# a few questions about vat and tax



## 6889joannew (13 Jul 2009)

Hi guys,
i stumbled across this site and i think its fantastic.
Basically i need as much help as people can give me,i have just started running a pub and i applied for a vat number nearly 2 months ago and they are just asking me more and more questions with things to fill out etc.
I need this vat number as too buy stock etc this is needed is there any way i can hurry this along or get a vat number elsewhere?
Also i am a limited company and im not really sure about taxes etc.I know i should have sorted this out before i started the buisness but things have gone so quickly.
Any help would be much appreciated 
Thanks 
joanne


----------



## mgc (13 Jul 2009)

My friend had a similar problem and he went into the Tax office and made face to face contact with a Tax Official and everything go sorted out very soon.I think you should do the same and get the Tax Official's name and take it from there.Good Luck.


----------



## 6889joannew (13 Jul 2009)

mgc said:


> My friend had a similar problem and he went into the Tax office and made face to face contact with a Tax Official and everything go sorted out very soon.I think you should do the same and get the Tax Official's name and take it from there.Good Luck.


Thanks for this i was thinking the same thing to go there but no when you just have so much to do and no time lol but i guess this would be me best bet thanks so much
Joanne


----------



## BaileyMc (13 Jul 2009)

Hi Joanne,

First off, best of luck with your venture.

I would suggest ringing the registration section of the local Revenue office and asking what the issue is and answering any questions they may have.  

Also, you should probably go and find an accountant to give you advice in the future.  The best way of finding someone reliable and who knows what they are doing is to ask others.  Be very clear as to what you need them to do and where possible agree fees in advance.


----------



## Graham_07 (14 Jul 2009)

Firstly, good luck with the new venture.

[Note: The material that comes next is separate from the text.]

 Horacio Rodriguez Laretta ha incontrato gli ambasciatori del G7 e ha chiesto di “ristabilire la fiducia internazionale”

If you are running a pub , have a limited company and have not yet managed to get a VAT number after 2 months I think a call to an accountant ASAP would be the best thing you could do. Pubs, Revenue and companies create vast amounts of obligations on filing and paperwork, get it wrong at this early stage and you could have a lot of problems later on. 

If the company is formed all you need is a bank account and Revenue form TR2 to get a VAT number. It does not take 2 months if correctly completed and filed. ( more like 2 weeks).


----------



## DBRAN (14 Jul 2009)

Hi

I believe you also need to get a tax clearance cert in order to obtain a pub licence so it is definately a priority to get your tax position sorted.

Kind regards

Db


----------



## 6889joannew (14 Jul 2009)

Graham_07 said:


> Firstly, good luck with the new venture. If you are running a pub , have a limited company and have not yet managed to get a VAT number after 2 months I think a call to an accountant ASAP would be the best thing you could do. Pubs, Revenue and companies create vast amounts of obligations on filing and paperwork, get it wrong at this early stage and you could have a lot of problems later on.
> 
> If the company is formed all you need is a bank account and Revenue form TR2 to get a VAT number. It does not take 2 months if correctly completed and filed. ( more like 2 weeks).

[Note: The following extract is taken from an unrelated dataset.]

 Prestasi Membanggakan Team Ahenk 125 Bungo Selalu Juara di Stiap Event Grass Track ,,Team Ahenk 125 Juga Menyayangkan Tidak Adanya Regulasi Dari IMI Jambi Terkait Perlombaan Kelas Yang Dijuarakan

Thanks for all your help, i done the form online and it said it was ok so i thought right this is done now but then i started getting more letters to fill out and i thought this must be wrong somewhere.
I have all the filing and paperwork in order for the accountant so i think im doing pretty good thanks for the advice on the revenue tr2 didnt know that, bank accounts all sorted.
Buisness is going pretty well (first buisness venture and all that lol) walked in to it with me eyes shut really.
All advice is much appreciated 
thanks joanne


----------



## 6889joannew (14 Jul 2009)

DBRAN said:


> Hi
> 
> I believe you also need to get a tax clearance cert in order to obtain a pub licence so it is definately a priority to get your tax position sorted.
> 
> ...


Havent ot one of these, but i have the pub licence already thats confused me but thanks 
joanne


----------



## jack2009 (14 Jul 2009)

You will need the tax clearance in order to renew you licence.


----------



## billythefish (14 Jul 2009)

6889joannew said:


> Havent ot one of these, but i have the pub licence already thats confused me but thanks
> joanne



maybe the pub licence is in your own name and not the limited company's name? that's the only way I can see how you could have gotten round that one...


----------



## dereko1969 (14 Jul 2009)

You should really go to an accountant as soon as possible as advised above, you could end up getting into a lot of grief if you're not fully conversant with your obligations and your solicitor should be able to advise you on the tax clearance cert.


----------



## simplyjoe (14 Jul 2009)

A licence is transferred to a new licencee in an ad-interim (temporary)transfer. There is no need for a tax clearance certificate. The renewal of the licence will require a tax clearance certificate. You should also have registered the pub name with CRO.
What the OP has done is gone into something without getting the necessary information or advice. Exactly what they should not have done. When matters go wrong, and they will if you do not take corrective action, there is no point in crying. Did you get advice before taking on the lease. Did you get an appraisail of the t/o and profits. Did you get advice on staffing, security, banking, tax compliance, etc.. As I have often said before - get real and deal with this in a correct manner or else deal with the fall out. You are either serious about this or you should not be doing it. Excuses like not enough time, etc does not wash it. You are now at least 60 days into the venture. Were you mad busy for each one of these days?


----------



## 6889joannew (14 Jul 2009)

simplyjoe said:


> A licence is transferred to a new licencee in an ad-interim (temporary)transfer. There is no need for a tax clearance certificate. The renewal of the licence will require a tax clearance certificate. You should also have registered the pub name with CRO.
> What the OP has done is gone into something without getting the necessary information or advice. Exactly what they should not have done. When matters go wrong, and they will if you do not take corrective action, there is no point in crying. Did you get advice before taking on the lease. Did you get an appraisail of the t/o and profits. Did you get advice on staffing, security, banking, tax compliance, etc.. As I have often said before - get real and deal with this in a correct manner or else deal with the fall out. You are either serious about this or you should not be doing it. Excuses like not enough time, etc does not wash it. You are now at least 60 days into the venture. Were you mad busy for each one of these days?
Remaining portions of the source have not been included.